When Will Your Kitchen Disappear?
Live in an apartment?
Own a house?
Spend your entire life on a boat?
On the road in a motor home?
It is almost a certainty that no matter where you live, your home has a kitchen. Whether you are a gourmet chef or are so incapable (or clever) that you can burn the water every time you set foot in a kitchen, no matter where you live, it almost certainly has an area for the preparation and cooking of food.
There are only two areas in a standard modern home that are guaranteed to exist: food preparation area and the indoor toilet and bathroom.
Some day that dedicated kitchen area will disappear.

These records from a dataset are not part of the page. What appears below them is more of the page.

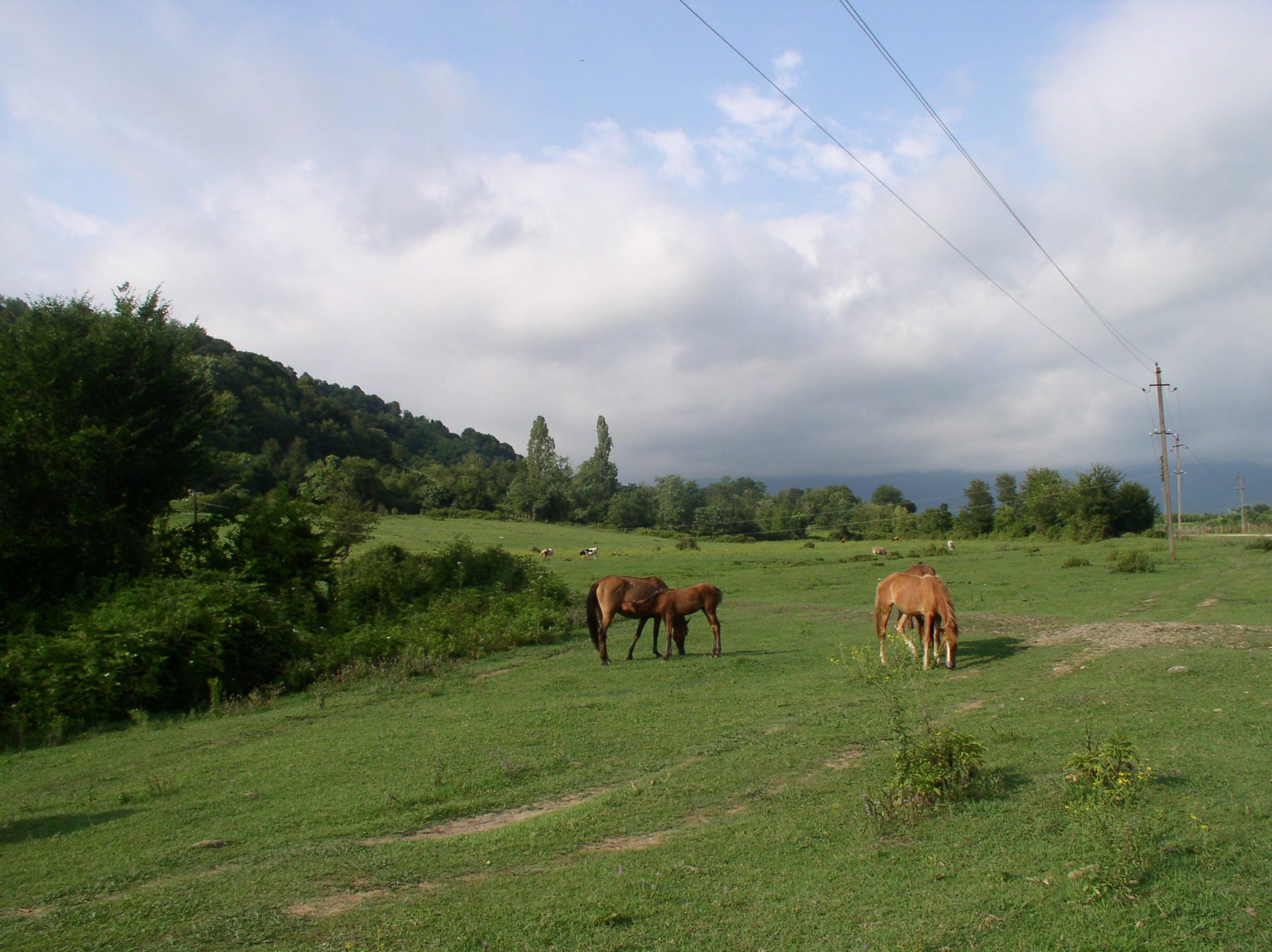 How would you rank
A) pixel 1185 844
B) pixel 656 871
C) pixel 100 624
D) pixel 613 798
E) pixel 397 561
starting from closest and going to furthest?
pixel 1185 844 → pixel 656 871 → pixel 613 798 → pixel 100 624 → pixel 397 561

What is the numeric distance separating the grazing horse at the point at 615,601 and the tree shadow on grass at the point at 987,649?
224 inches

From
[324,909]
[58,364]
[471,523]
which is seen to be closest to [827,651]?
[324,909]

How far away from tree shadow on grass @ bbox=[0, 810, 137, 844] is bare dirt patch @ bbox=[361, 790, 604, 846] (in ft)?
10.2

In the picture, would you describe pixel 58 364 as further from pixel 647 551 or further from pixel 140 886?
pixel 647 551

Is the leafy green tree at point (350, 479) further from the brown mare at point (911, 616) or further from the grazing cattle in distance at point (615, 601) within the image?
the brown mare at point (911, 616)

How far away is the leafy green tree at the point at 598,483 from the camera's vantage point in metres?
102

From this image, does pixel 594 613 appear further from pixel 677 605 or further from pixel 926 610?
pixel 926 610

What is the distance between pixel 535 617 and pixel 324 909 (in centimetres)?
1677

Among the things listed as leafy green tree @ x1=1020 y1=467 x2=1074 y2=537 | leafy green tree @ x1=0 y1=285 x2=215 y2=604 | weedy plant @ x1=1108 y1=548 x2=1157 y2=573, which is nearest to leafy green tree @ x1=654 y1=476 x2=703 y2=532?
leafy green tree @ x1=1020 y1=467 x2=1074 y2=537

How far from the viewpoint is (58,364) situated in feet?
63.3

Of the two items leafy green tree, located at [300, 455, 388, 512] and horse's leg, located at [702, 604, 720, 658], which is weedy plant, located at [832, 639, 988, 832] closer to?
horse's leg, located at [702, 604, 720, 658]

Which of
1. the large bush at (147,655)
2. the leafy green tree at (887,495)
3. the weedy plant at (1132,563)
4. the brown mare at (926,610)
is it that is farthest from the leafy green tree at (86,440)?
the leafy green tree at (887,495)

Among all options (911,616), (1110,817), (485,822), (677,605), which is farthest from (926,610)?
(485,822)

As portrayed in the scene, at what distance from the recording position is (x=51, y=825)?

It is amazing to me how quickly we just assume that something has naturally existed for what seems forever. Indoor toilets were not standard features of homes in the Western world until the latter part of the 19th century, and indoor toilets only came about, and all of the hygiene problems they create, because home builders were installing the new fangled indoor plumbing and dedicating an area of the home to washing up and bathing and indoor plumbing only came about because of the towns installing municipal water supplies.
The dedicated kitchen has of course existed much longer, but even that is a relatively recent introduction to the home. You can still find homes, a few hundred years old, which have no area devoted to food preparation.
With Western society’s move to pre-packaged meals, an ignorance of raw ingredients, easy access to cheap fast food, a propensity for “dining out” coupled with the decline of home cooking and the teaching of it at school, one day, you might be looking at a modern home, recently constructed, that has no kitchen.
I predict the change will start with apartments aimed at middle-class single people and young couples, and this change may even begin to appear in my lifetime.
I raise this point because the concepts of what we consider a house and home, though mostly stable, have shifted over time to our modern thinking and we do not give much thought to the environment we live in. We are a product of our environment. I developed an interest in cooking because of a) my parents’ past occupations and b) having access to an amazing kitchen in a house I was renting many years ago.
As a product of the environment, we’re all pushed and manipulated without actually realising it. Becoming aware of that environment lets you change who you are in ways that are not immediately obvious.
And if you live in a modern home, I can also bet it has at least one, and possibly several of a particular feature that you walk through every day, without even noticing its existence, and yet it did not commonly exist until the mid-18th century.
So when was the last time you prepared a meal, if ever, where the majority of it didn’t come out of a box or a can or a jar or a frozen package?